As he turns to walk away I tell him that when this is all over we’ll have to have him and his girlfriend over for dinner. He lights up one last time.
As we walk back into our building our upstairs neighbor’s stood in the hallway. She’s got her hair done in cute little braids and is fixing a horn to the handlebars of her new, turquoise bicycle with a basket at the front. She tells us the horn was a gift and gives it a squeeze.
We have dinner, watch half a thriller and then it’s time once again for family cocktail hour. My Dad’s gone and invited my step-brother who lives in Maine and voted for Trump. He’s telling us all about the half a pig and half a cow he’s recently purchased.

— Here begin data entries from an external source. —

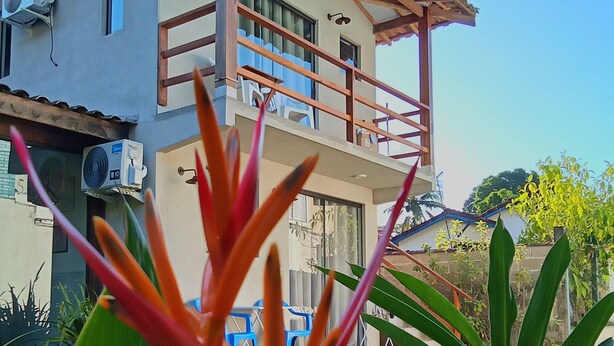 Un edificio de dos pisos con balcón, unidades de aire acondicionado y cielo despejado.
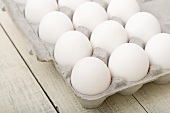 Organic White Eggs in a Cardboard Carton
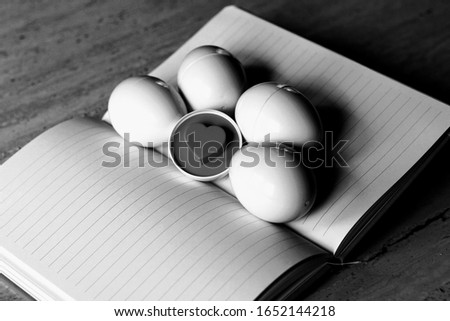 Half an egg with an embossed heart pattern lying next to other eggs on an orange notebook(black and white picture).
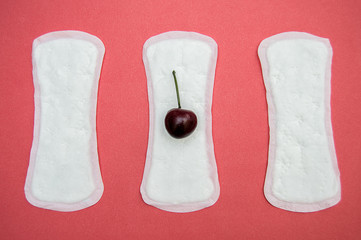 women's sanitary pads and cherry on pink background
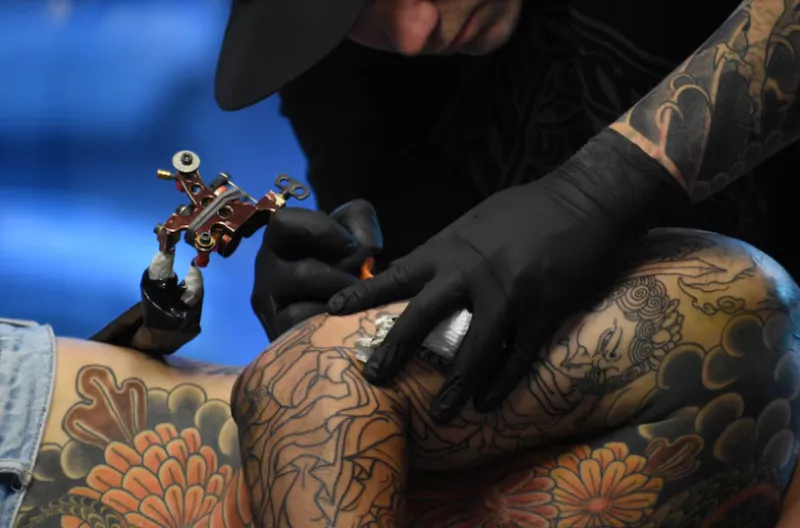 Stu Pagdin mengatakan beberapa desain tato AI tersebut mengandung kesalahan ejaan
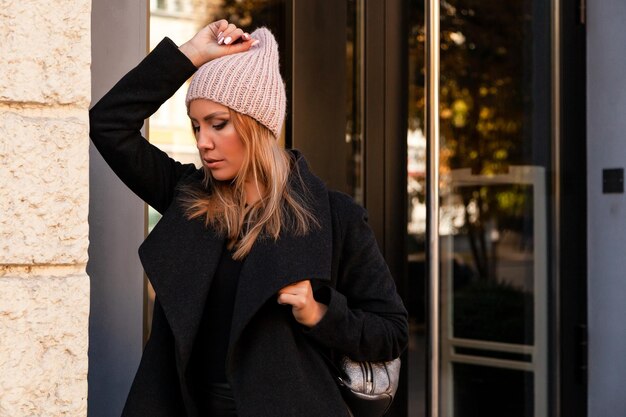 Portrait of a beautiful young model in pink knitted hat standing do to work on background mirrow wall on sunny autumn day in big city Autumn warm photoWoman smiling and look away joyful cheerful mood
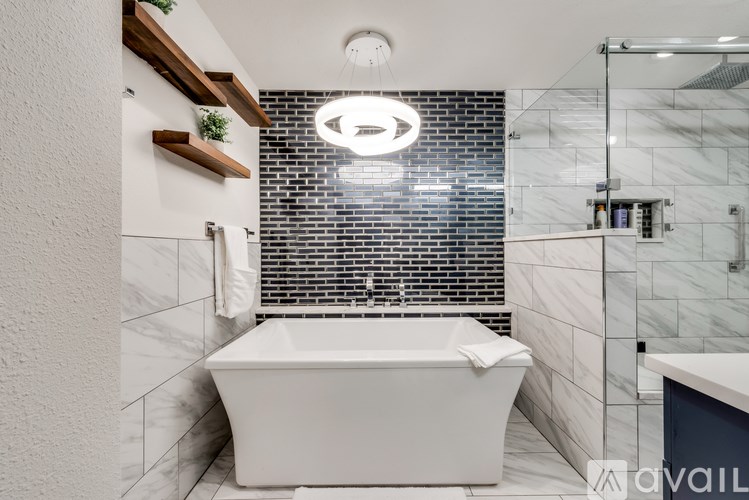 A white bathtub is in a bathroom with a black and white tiled wall.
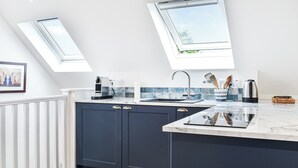 A modern kitchen with dark cabinets, a white countertop, a skylight, and a view of greenery outside. - 1 bedroom accommodation in Bossiney, near Tintagel (Bossiney, near Tintagel)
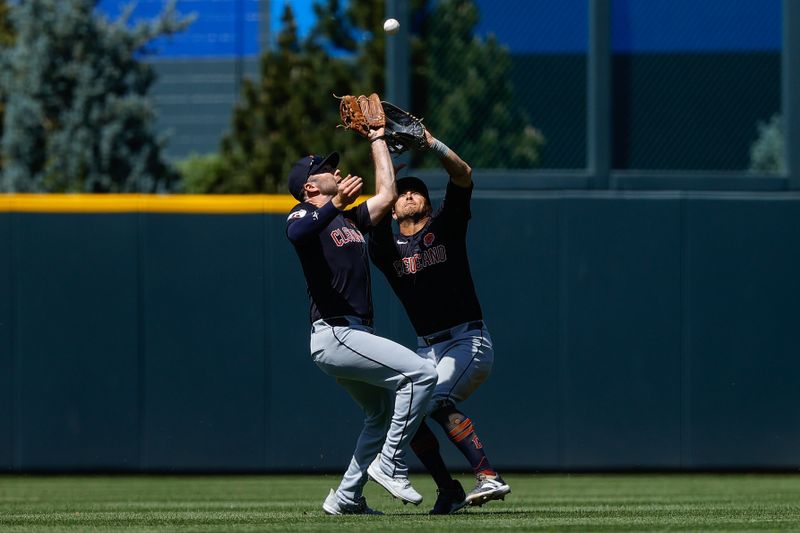 May 27, 2024; Denver, Colorado, USA; Cleveland Guardians left fielder David Fry (6) makes a catch ahead of center fielder Tyler Freeman (2) in the third inning against the Colorado Rockies at Coors Field. Mandatory Credit: Isaiah J. Downing-USA TODAY Sports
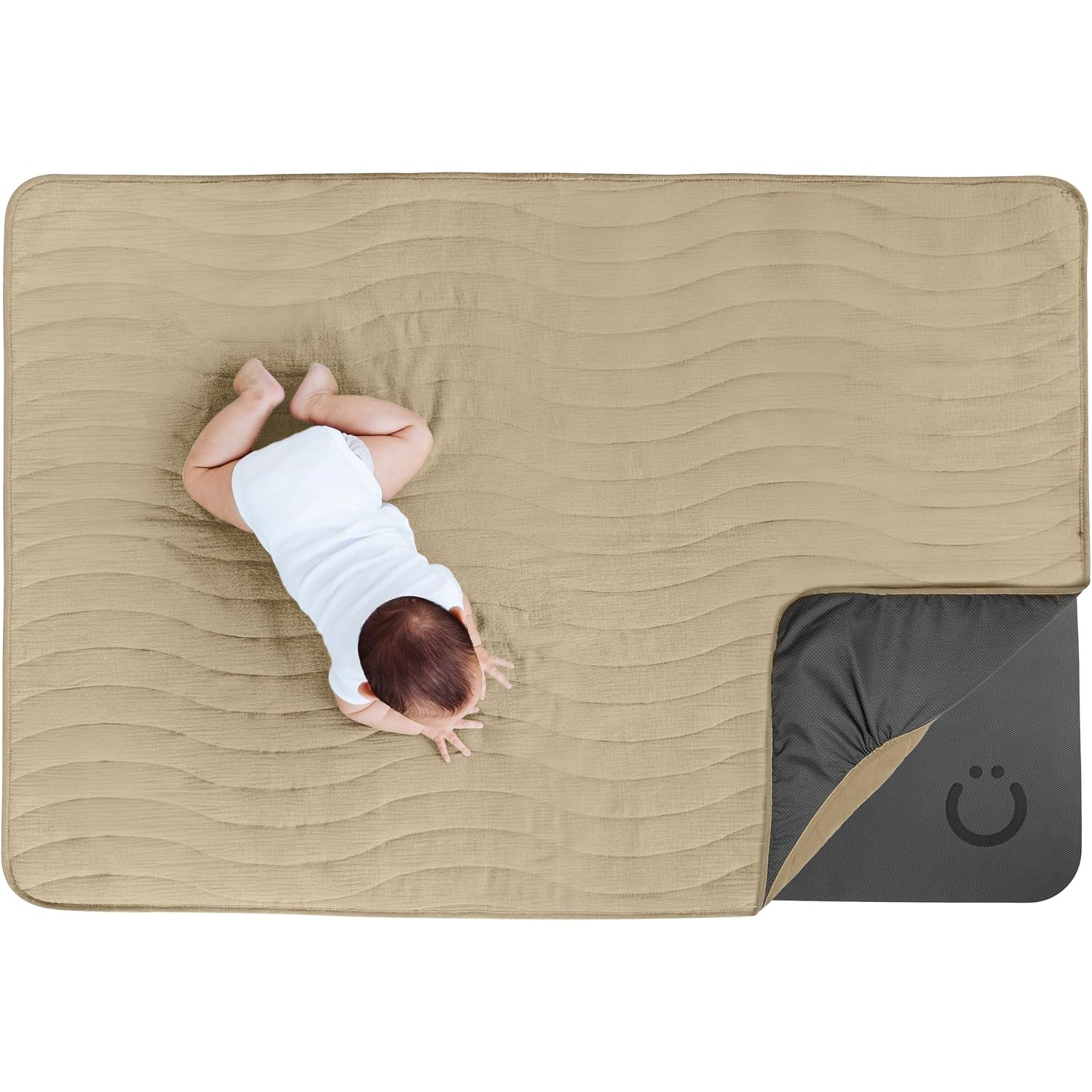 Manta para bebés color beige vista superior, ideal para jugar en casa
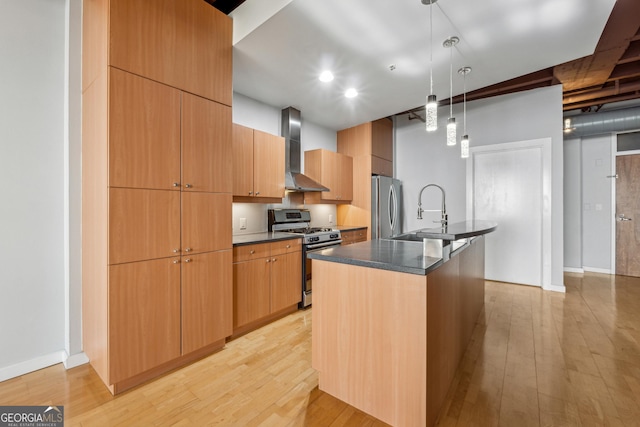 kitchen featuring sink, wall chimney exhaust hood, an island with sink, pendant lighting, and appliances with stainless steel finishes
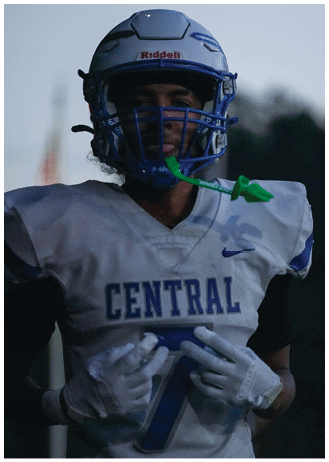A person wearing a football helmet and white jersey with “CENTRAL" and the number seven is making a hand gesture. Description generated by AI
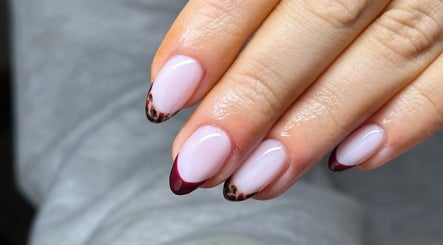 Elegant pink and maroon nail art manicure from NAIAA Studio in Oakham, England, GB.
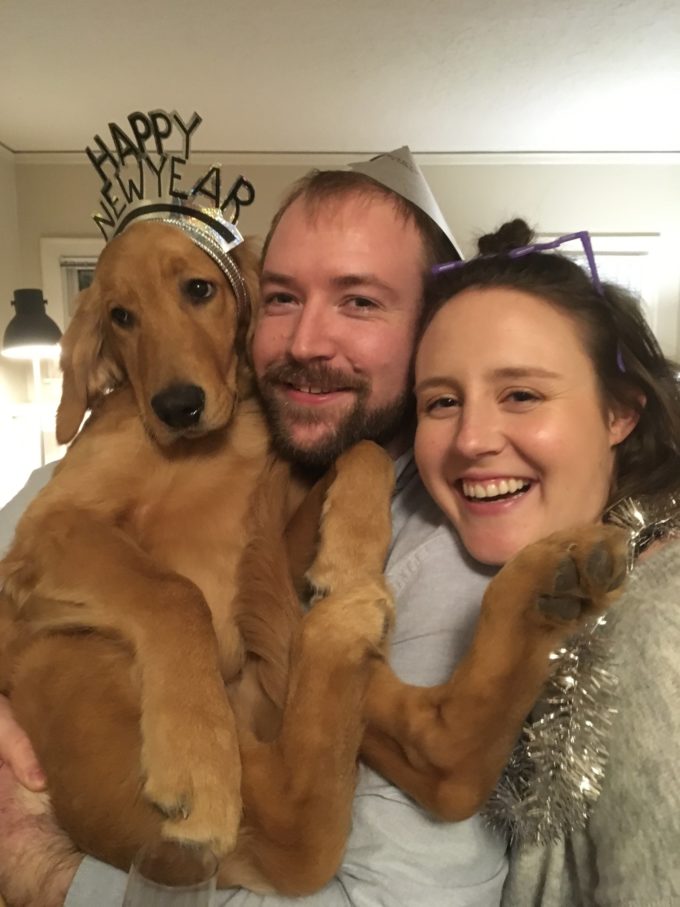 me and my husband holding our golden retriever puppy for new years eve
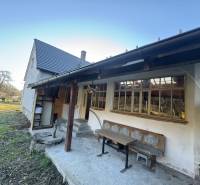 Ein Einfamilienhaus in Demandice mit Garten, Holzbänken und einem Außenbereich zum Sitzen.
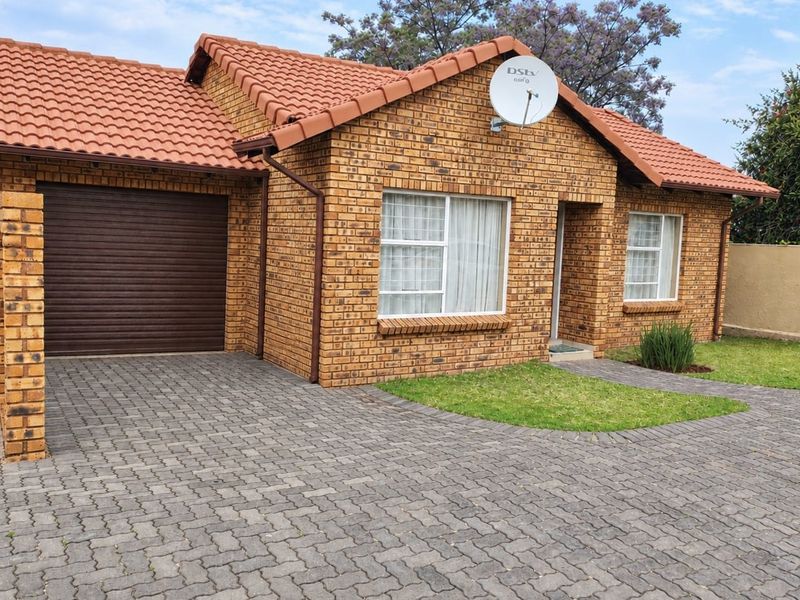 Front elevation of a face brick house featuring a tiled roof, paved driveway, and an integrated single garage.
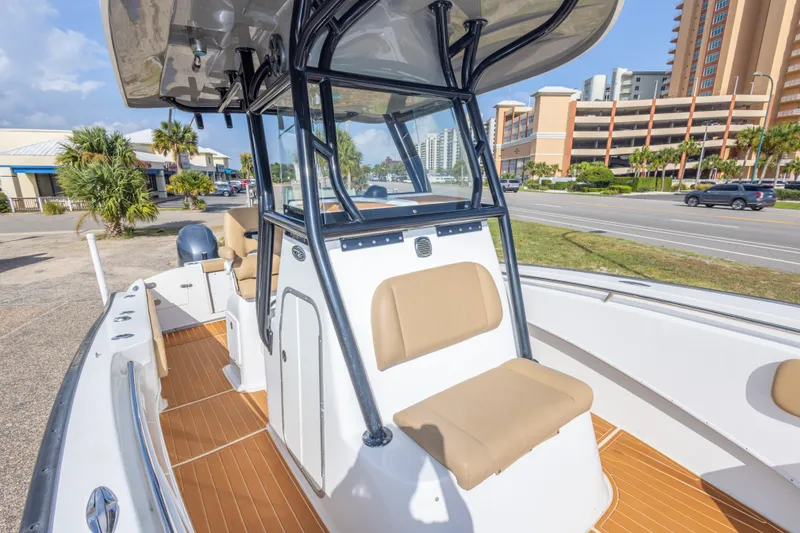 Slide: The Image of 2018 Cape Horn 27XS boat with tan seating, docked near a road and buildings. - 36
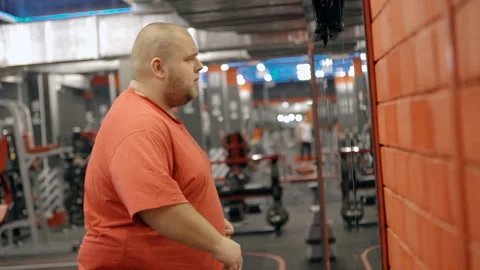 Overweight man looking at himself in the mirror Stock Footage 108786636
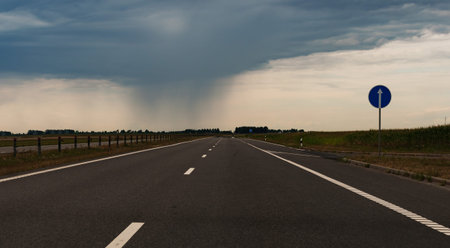 Rain clouds over a new highway outside the city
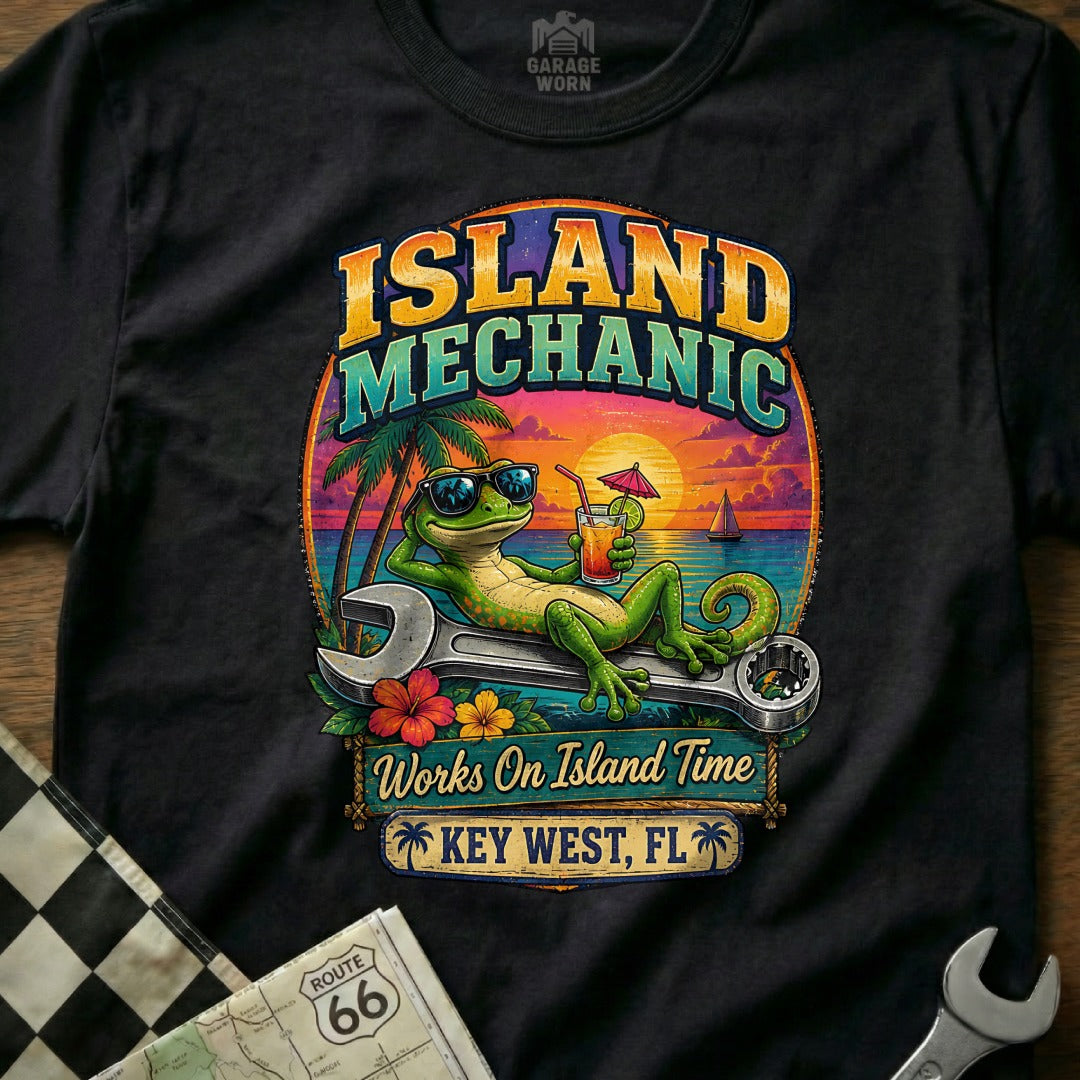 Green gecko on wrench with drink, text "Island Mechanic Works On Island Time Key West, FL".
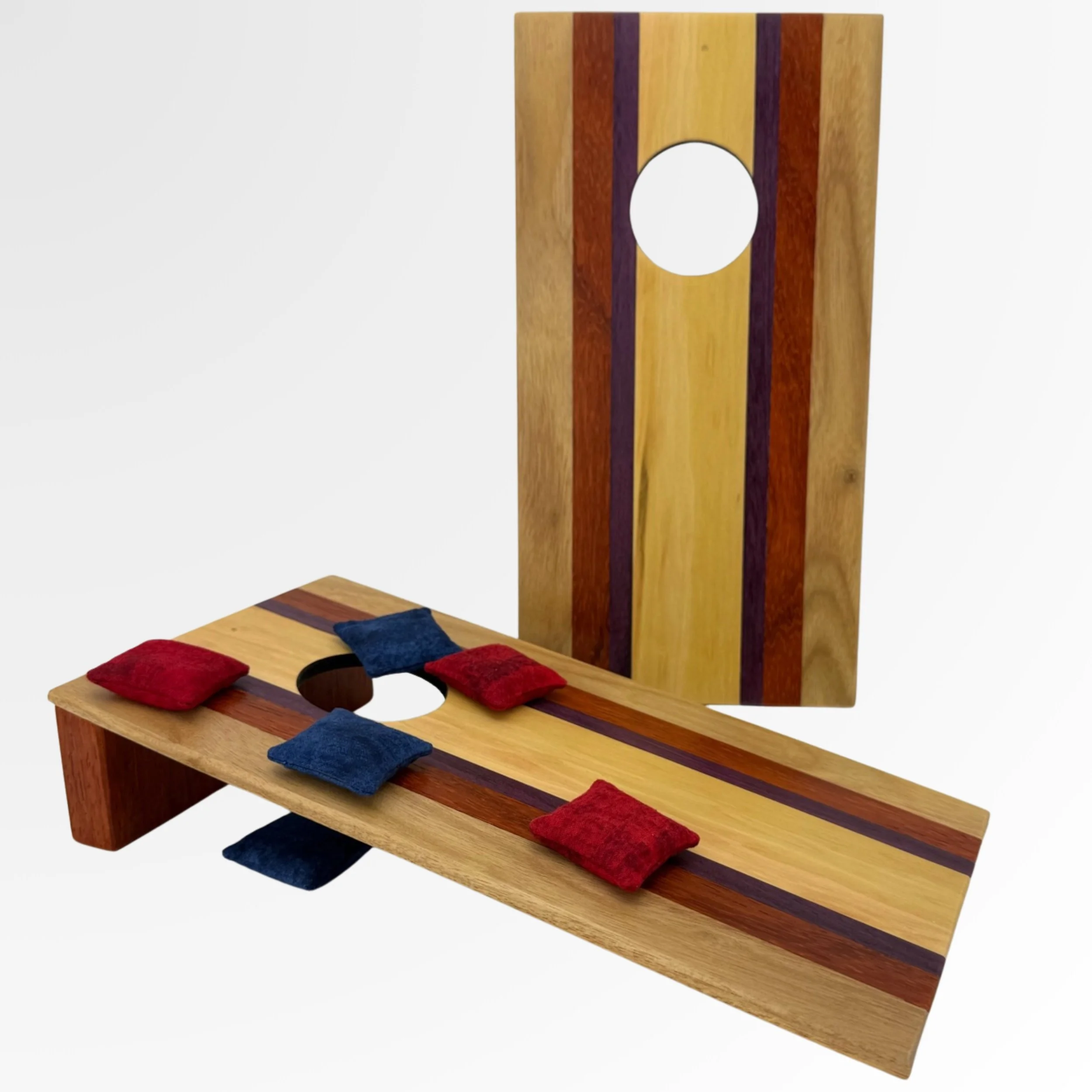 Handcrafted tabletop mini cornhole boards made from solid hardwood, Cherry wood border with exotic hardwoods such as canary, Purple Heart, and padouk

My Dad mentions that the death rate in Massachusetts is not going down and wonder’s out loud if this thing is ever going away. My sister looks pensive, sat with her arms crossed, lips pursed. They’re not on stay at home orders yet, but could be soon.
Meanwhile my four-year-old niece has changed the name on their screen to every letter of the alphabet mixed with every number on the key board and is laughing hysterically. Her mom and dad have taken to joining the call from separate rooms. A sort of divide and conquer strategy which doesn’t really work when you have two kids. The next thing I know my 6-year-old nephew is running around naked in the background.
It’s almost mid-night when I finally throw in the towel, make my sister the host, and wave my family good-bye.